というのは、世界でこれほどSDGsが話題になっている国は他にないからだ。
Googleトレンドでの検索数ランキングで「SDGs」を調べると、1位は日本なのだ。
日本の検索数を100としたときの各国のランキングは以下の通り。
1位:日本100
2位:ジンバブエ28
3位:ウガンダ21
4位:インドネシア21
5位:ガーナ17
34位:アメリカ1
なんと、日本が圧倒的に検索数が多い。
しかも、他の上位国は発展途上国ばかりだ。
上位20か国を調べても、他の先進7か国はどこにも登場しない。
欧米の方が進んでいるのではなかったのか?
日本人の意識は低いんじゃなかったのか?
まったく様子が違う。
人口比で言えば、アメリカは日本の3倍の検索数があってもいいはずだが、データ上では100分の1しかない。
「欧米の方が進んでいる」「日本人の意識は遅れている」という言葉に日本人は弱い。
日本人は、自分が率先して行動することは気が引けるが、他人に立ち遅れることは極端に恐れる国民性がある。
その国民性に付け込んだプロパガンダのように見える。
そして、そのプロパガンダは、見事に成功している。
SDGsには原型があった。
2000年から始まったMDGsだ。
MDGsとは、ミレニアム開発目標(Millennium Development Goals)のこと。
極度の貧困と飢餓の撲滅など,2015年までに達成すべき8つの目標を掲げていた。
一定の成果を上げたものの、これらが主に発展途上国に限られた問題と認識されたために、先進国ではほとんど関心がなかった。
その反省から、次の15年の取り組み目標として、SDGsが立ち上がった。
今度は、目標として地球環境や人権に関係する項目を増やし、先進国を巻き込んだ取り組みにしようという意図があったようだ。
SDGsの検索ランキングで、日本以外が発展途上国ばかりである理由は、MDGsの流れを汲んだ取り組みだからだろう。

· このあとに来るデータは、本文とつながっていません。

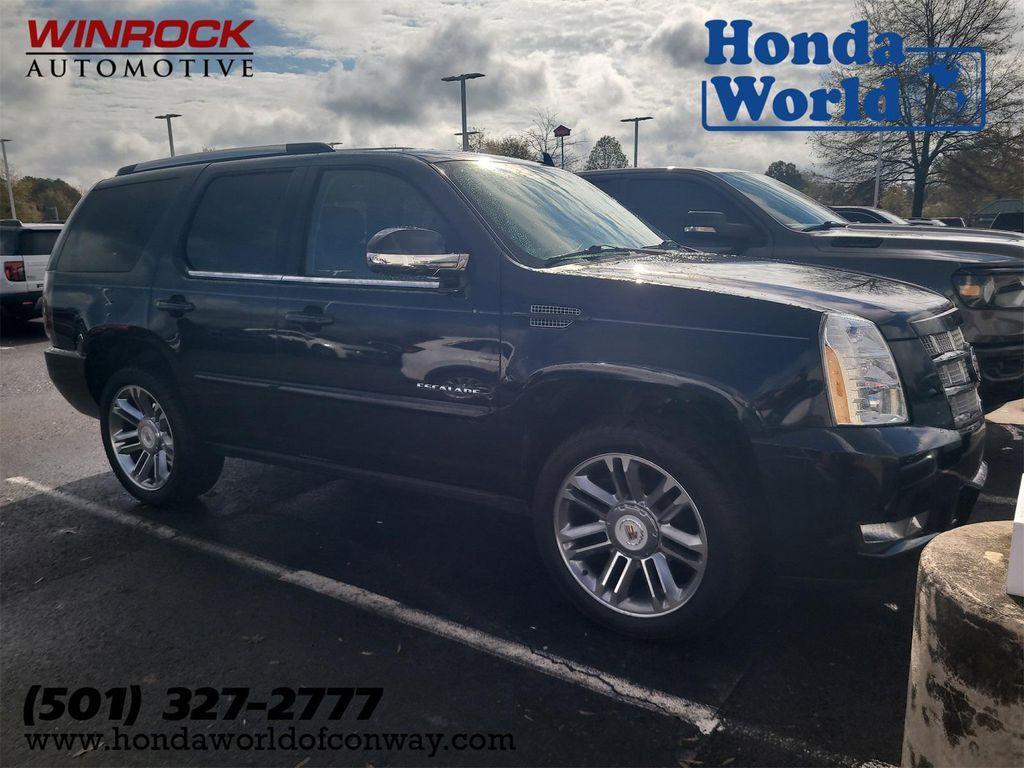 used 2013 Cadillac Escalade car, priced at $18,913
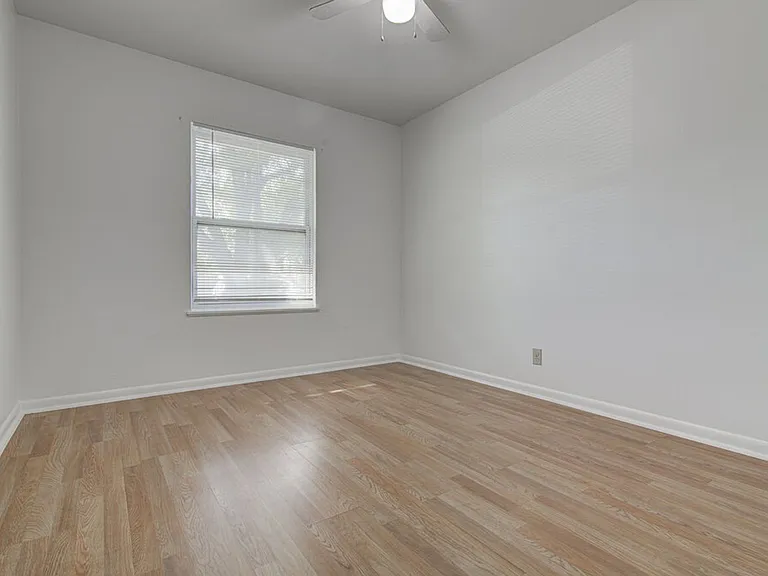 8406 Burrell Dr — Photo 10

貧困問題は、先進国は支援する側、発展途上国は支援される側。
支援される発展途上国の国民がSDGsに関心を寄せるのは当然だろう。
一方、支援する側の先進国の一般国民は、一向にSDGsへの関心が高まらない。
それはそうだろう。
自分の利益になりそうにない話に興味を示す人はいない。
だが、例外的に興味を示す国民があった。
日本人だ。
「とっくにみんながやっている」という話には無関心でいられないのが日本人。
それで、世界一SDGsに関心の高い国民になってしまったというわけだ。